FIG. 2B illustrates an example of a lower chassis element 202, together with toroids 207, which are separated by separator 224. In the view of FIG. 2B, an exemplary peg geometry is depicted by pegs 206, which are shown without a wire wrap. Although pegs 206 can be differently shaped depending on implementation, in certain aspects, the geometry of pegs 206 is asymmetrical, yet substantially round in shape. Asymmetrical peg geometries (such as that shown in FIG. 2B), can help improve peg resistance to shear forces experienced by the pegs in during toroid wire tie-off. In addition to providing a stronger peg foundation, asymmetrical peg geometries also provide an improved surface on which toroid wire can be wound and ablated to remove insulation.

By way of example, a preferred peg geometry can include a shape that is larger in the middle (or center) to improve peg strength. Additionally, in some implementations, a top surface of the peg is larger (e.g., of a greater surface area) compared to that of the bottom surface. An increased surface area on the top side of the peg can increase exposure of the corresponding wire wrap to laser light incident on the top surface (e.g., for removal of lacquer or insulation) during the CMC manufacture process. In contrast, a more narrow shape (e.g., smaller surface area) on the bottom side of the peg helps to provide an angular shape that is more conducive to the formation of strong solder joints, e.g., as between the wrapped toroid wire and the corresponding solder pad, e.g., solder pad 220 illustrated in FIG. 2A.

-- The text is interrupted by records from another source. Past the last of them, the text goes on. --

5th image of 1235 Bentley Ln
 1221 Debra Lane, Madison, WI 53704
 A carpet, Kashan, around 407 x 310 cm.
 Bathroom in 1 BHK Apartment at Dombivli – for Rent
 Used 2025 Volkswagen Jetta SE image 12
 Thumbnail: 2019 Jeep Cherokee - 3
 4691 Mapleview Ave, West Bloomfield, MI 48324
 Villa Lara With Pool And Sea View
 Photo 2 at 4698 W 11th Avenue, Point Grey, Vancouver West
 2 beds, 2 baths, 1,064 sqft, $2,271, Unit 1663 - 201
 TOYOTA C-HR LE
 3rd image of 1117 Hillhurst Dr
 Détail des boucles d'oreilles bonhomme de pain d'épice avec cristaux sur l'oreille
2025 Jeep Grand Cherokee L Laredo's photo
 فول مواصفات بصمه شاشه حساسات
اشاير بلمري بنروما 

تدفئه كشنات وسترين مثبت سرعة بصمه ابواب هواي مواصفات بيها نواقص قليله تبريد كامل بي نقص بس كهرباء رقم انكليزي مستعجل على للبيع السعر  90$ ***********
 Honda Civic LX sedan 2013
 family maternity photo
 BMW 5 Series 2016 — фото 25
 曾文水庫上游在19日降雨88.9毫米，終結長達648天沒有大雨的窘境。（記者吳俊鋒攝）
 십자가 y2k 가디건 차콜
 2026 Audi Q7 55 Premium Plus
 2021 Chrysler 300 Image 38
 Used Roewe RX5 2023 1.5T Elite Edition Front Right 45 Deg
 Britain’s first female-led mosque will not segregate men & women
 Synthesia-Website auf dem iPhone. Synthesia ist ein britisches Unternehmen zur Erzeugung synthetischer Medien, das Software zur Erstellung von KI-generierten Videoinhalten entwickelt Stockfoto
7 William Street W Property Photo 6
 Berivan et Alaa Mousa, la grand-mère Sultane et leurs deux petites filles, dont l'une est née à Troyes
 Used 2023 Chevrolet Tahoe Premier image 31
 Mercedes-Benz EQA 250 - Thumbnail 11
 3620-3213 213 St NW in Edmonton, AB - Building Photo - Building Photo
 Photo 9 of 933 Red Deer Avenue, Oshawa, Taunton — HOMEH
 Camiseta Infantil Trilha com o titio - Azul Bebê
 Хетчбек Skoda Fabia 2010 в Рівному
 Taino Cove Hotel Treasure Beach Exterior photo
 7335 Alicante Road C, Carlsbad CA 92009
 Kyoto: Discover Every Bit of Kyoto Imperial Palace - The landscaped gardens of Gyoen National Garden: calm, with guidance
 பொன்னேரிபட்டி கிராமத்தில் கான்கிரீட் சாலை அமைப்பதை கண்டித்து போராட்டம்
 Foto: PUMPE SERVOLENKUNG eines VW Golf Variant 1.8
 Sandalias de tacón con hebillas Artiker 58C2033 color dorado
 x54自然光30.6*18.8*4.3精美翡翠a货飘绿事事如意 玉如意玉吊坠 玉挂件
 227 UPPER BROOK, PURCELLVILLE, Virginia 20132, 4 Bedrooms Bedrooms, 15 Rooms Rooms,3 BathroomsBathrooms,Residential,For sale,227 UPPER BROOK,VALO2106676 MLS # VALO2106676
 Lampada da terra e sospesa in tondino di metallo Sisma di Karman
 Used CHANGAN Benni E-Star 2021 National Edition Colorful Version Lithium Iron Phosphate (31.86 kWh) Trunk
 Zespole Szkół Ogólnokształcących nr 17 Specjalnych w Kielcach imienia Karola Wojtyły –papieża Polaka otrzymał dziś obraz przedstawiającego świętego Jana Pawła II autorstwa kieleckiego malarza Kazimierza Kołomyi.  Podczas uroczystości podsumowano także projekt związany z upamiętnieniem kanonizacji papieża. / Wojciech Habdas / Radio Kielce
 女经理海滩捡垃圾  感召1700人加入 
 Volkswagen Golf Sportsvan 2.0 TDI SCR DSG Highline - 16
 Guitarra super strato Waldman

Lower chassis element further includes separator 224 which provides a non-conductive barrier between toroids 207. The configuration of separator 224 and comb structures 204 mechanically restrains toroids 207, without the use of epoxy or silicone bonding agents, which affect the electrical and/or magnetic properties of toroids 207. By eliminating the need for conductive toroid restraints, the dielectric of toroids 207 remains equal to that of the air filling the gaps in the CMC housing. As such, the mechanical restraint features of CMC 110 serve to enhance the electrical properties of conditions in and around the CMC housing.

Additional features of the CMC housing, including additional restraint mechanisms, are provided when upper chassis element 212 is coupled with lower chassis element 202. FIG. 2C illustrates an example of the coupling between an upper chassis element and lower chassis element for forming a CMC housing.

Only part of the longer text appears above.